Hint: Zeroes means the same as roots. Use the relation between the coefficients of the quadratic equation and the sum and product of roots, to establish relations between the given roots. Use these formed relations to form a polynomial.

Complete step-by-step answer:
Given quadratic equation
\[ \Rightarrow {x^2} - 2x + 3 = 0\]
Now it is given that a and b are the zeroes of the equation, and we know zeroes are nothing but the roots of the equation.
Now as we know that the sum of the roots of the quadratic equation is the ratio of negative times the coefficient of x to the coefficient of x2.
$ \Rightarrow a + b = \dfrac{{ - \left( { - 2} \right)}}{1} = 2$……………………. (1)
And the product of roots is the ratio of constant term to the coefficient of x2.
$ \Rightarrow ab = \dfrac{3}{1} = 3$………………………………. (2)

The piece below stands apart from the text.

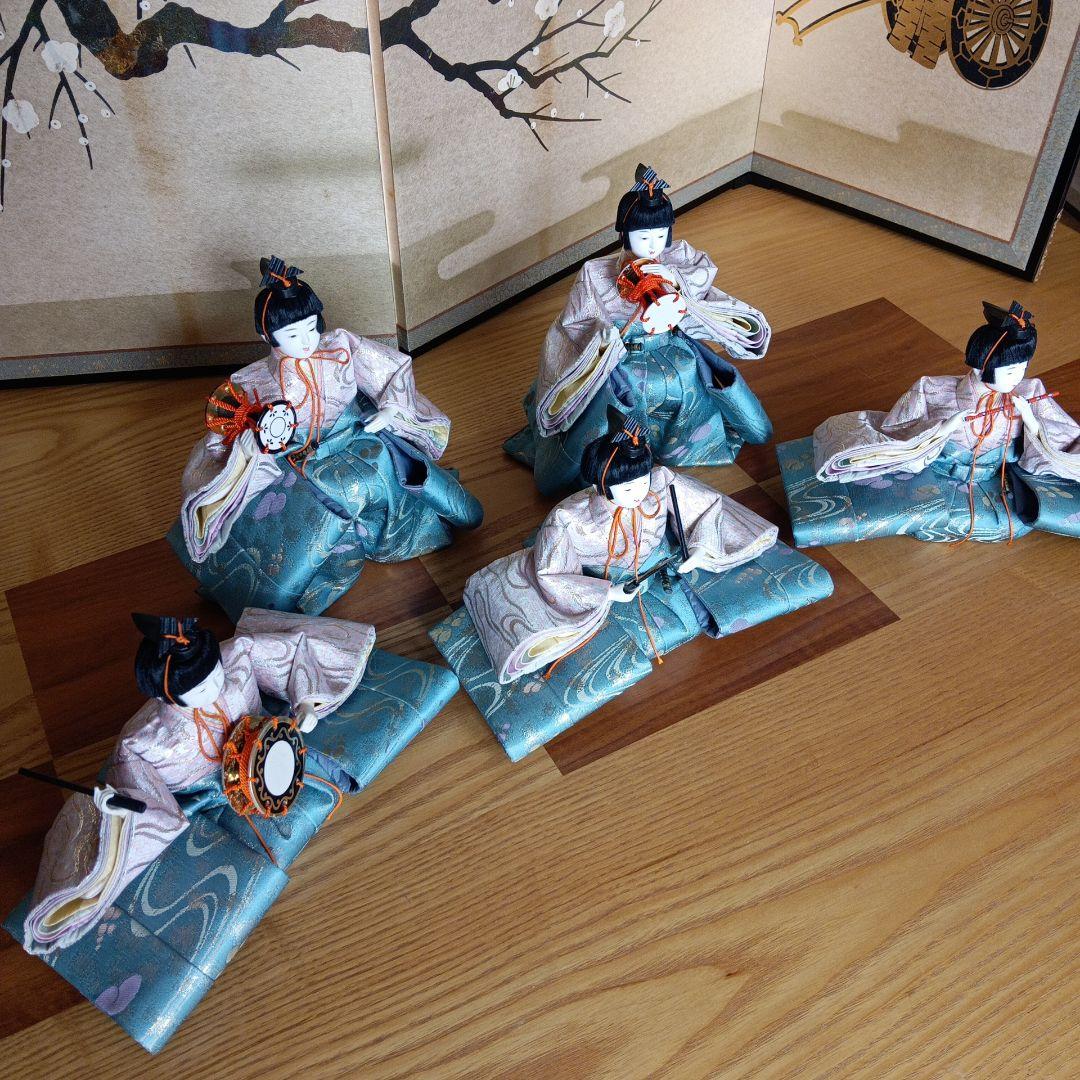京雛人形☆五人囃子☆ 鼓持ち、笛、小太鼓、お拍子 ☆豪華京錦織☆　セット品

Now we have to find the quadratic equation whose roots are (a + 2) and (b + 2).
So the sum (S) of the roots is (a + 2 + b +2) = a + b +4
From equation (1) we have,
$ \Rightarrow S = a + b + 4 = 2 + 4 = 6$
And the product (P) of the roots = (a + 2)(b + 2)
$ \Rightarrow P = ab + 2\left( {a + b} \right) + 4$
Now from equation (1) and (2) we have,
$ \Rightarrow P = 3 + 2\left( 2 \right) + 4 = 3 + 4 + 4 = 11$
So the general quadratic equation is
$ \Rightarrow {x^2} - \left( {{\text{sum of roots}}} \right)x + \left( {{\text{product of roots}}} \right) = 0$
So substitute the value of S and P in the above equation we have,
$ \Rightarrow {x^2} - 6x + 11 = 0$
So this is the required quadratic equation.

Note: Whenever we face such type of problems the key concept is to have a good grasp over the direct formula to obtain the polynomial when sum and products of its roots can be evaluated which is ${x^2} - \left( {{\text{sum of roots}}} \right)x + \left( {{\text{product of roots}}} \right) = 0$. This helps in solving problems of this kind and helps saving a lot of time.